Concerns about the impact of climate change are beginning to affect all areas of business including business premises, which are responsible for a significant proportion of the UK’s overall energy use.
The government has announced that it plans to tighten regulations on energy efficiency in rented property, requiring significant improvements by 2030. Commercial landlords and business tenants will need to make sure their leases give energy efficiency a higher priority and set out who is responsible for energy efficiency measures and who will foot the bill.
‘Green leases have been talked about for at least a decade’ says Yildiz Betez, commercial property solicitor with Thackray Williams, ‘although it isn’t always clear exactly what a green lease is. In simple terms, a green lease is one which includes specific provisions to promote energy efficiency and a lease can be dark-green or light-green, depending on how far those provisions go’.
Minimum energy efficiency standards
The pace of change in the energy efficiency of commercial buildings is being driven by regulations.
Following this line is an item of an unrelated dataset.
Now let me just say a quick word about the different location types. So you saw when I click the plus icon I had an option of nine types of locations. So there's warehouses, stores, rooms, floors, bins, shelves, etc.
Since 2018, it has been illegal to grant a new lease of a property unless it has an Energy Performance Certificate (EPC) rating of E or higher and all property currently let will have to meet that standard by 2023. The latest proposal is to raise the minimum standard to an EPC rating of B by 2030.
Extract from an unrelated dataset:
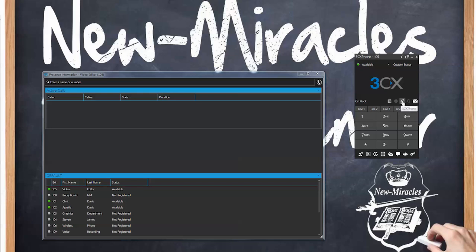For the rest of the demo I'm going to switch back to CTI mode. Everything works the same whether in CTI mode or using the 3CX soft phone, except that one is going to be dialing a phone on the desk and the other will be dialing the soft phone.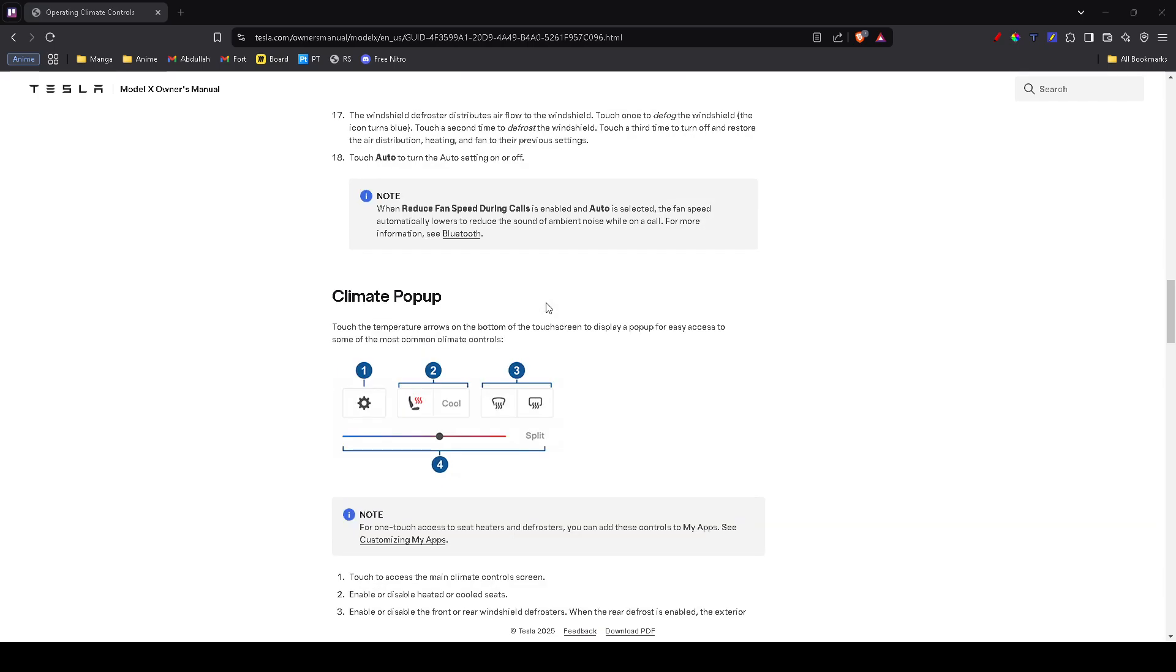Sometimes the car will display a warning if there's a deeper issue with the HVAC system. If you see any error messages, take a screenshot or note them down as they can help diagnose the problem.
What should green leases cover?
According to government data, 67 per cent of the energy businesses use goes on heating and cooling, ventilation, hot water and lighting, so this is where improvements will be required. Leases will need to cover a range of practical issues, particularly a landlord’s right of access, alterations by tenants, service charges and collaboration on energy saving measures.
A landlord’s rights
The landlord will need rights to enter the property to assess energy efficiency and make necessary improvements. These could range from low cost measures like changing lighting to full-scale replacement of heating and cooling systems. The landlord may also want to install individual meters in a multi-let building, to allow energy costs to be allocated accurately.
Most leases will allow the landlord to recover the cost of maintenance from tenants through a service charge but, upgrades and improvements are usually excluded. Landlords and tenants may need to agree a different approach for new energy efficiency measures on the basis that tenants should benefit from lower energy bills. Your solicitor can make sure that the service charge provisions reflect clearly what has been agreed.
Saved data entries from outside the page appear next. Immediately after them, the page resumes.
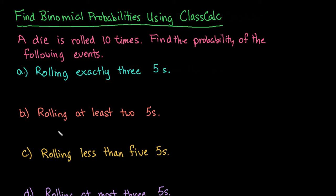Hi, for this video, what I want to do is show you how to find binomial probabilities using ClassCalc, which is a free online graphing calculator. So the nice thing is that it is free, but it will help you to be able to find binomial probabilities very easily.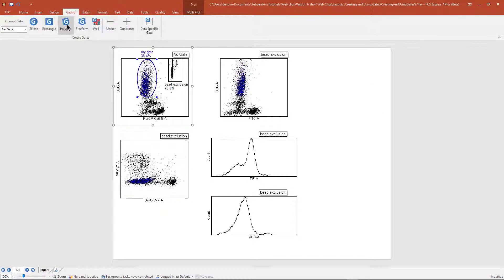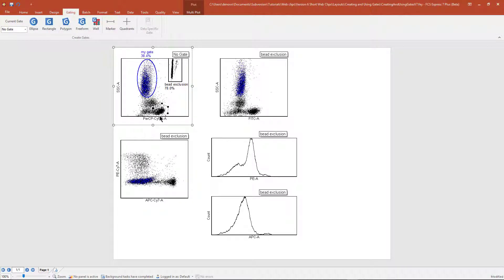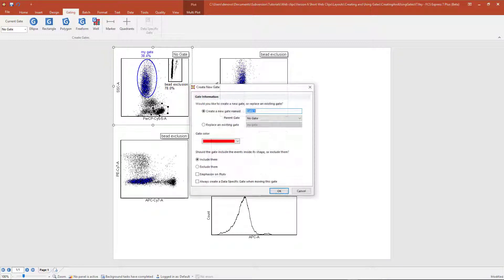The polygon gate can be created by clicking once on each vertex and pressing the space bar or clicking on the original vertex to close the gate.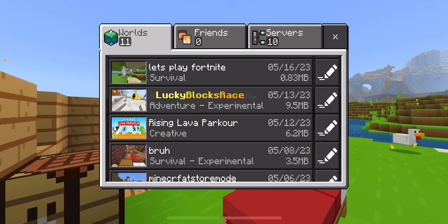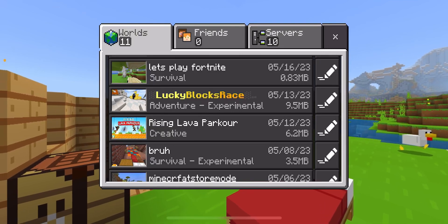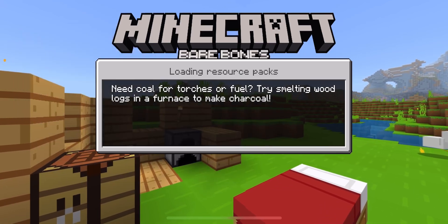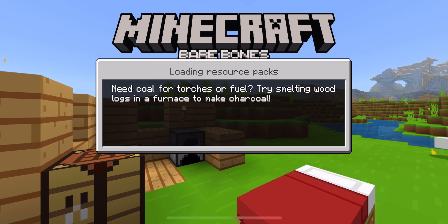All right guys, welcome back to the let's play series, episode three. Let's get into it and not waste any time.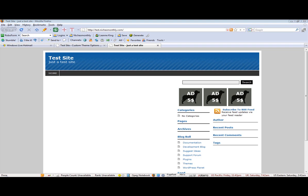In this short video I'm just going to show you how to use the built-in contact form that comes with WP Flex. It saves you uploading your own contact form plugin or making your own.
A business tenant will need some flexibility to make alterations to the property, but it is vital for landlords to make sure that tenants do not inadvertently reduce the property’s energy efficiency rating as a result of alterations. A green lease will typically give the landlord the right to refuse consent for any alterations that would adversely affect the property’s EPC rating. In turn, the tenant may want the right to make alterations that improve energy efficiency. Again, the key point is to make sure your solicitor reflects in the lease whatever has been agreed.
In the past, landlords and tenants have seen themselves on opposite sides but are beginning to move away from this view, towards a more collaborative approach. For example, in a green lease, the landlord and tenant may agree:
- only to use sustainable materials in any works they carry out to the property;
- to adopt a sustainable waste management policy;
- to share data on use of energy and water; and
- to work together to make the best use of building management systems by limiting the hours during which heating and cooling systems operate.
As businesses adapt to more stringent standards for energy efficiency, commercial property will play a big part. The rules on exactly what is required can be complex but getting good legal advice now will allow both landlords and tenants to manage the necessary changes and avoid nasty shocks along the way.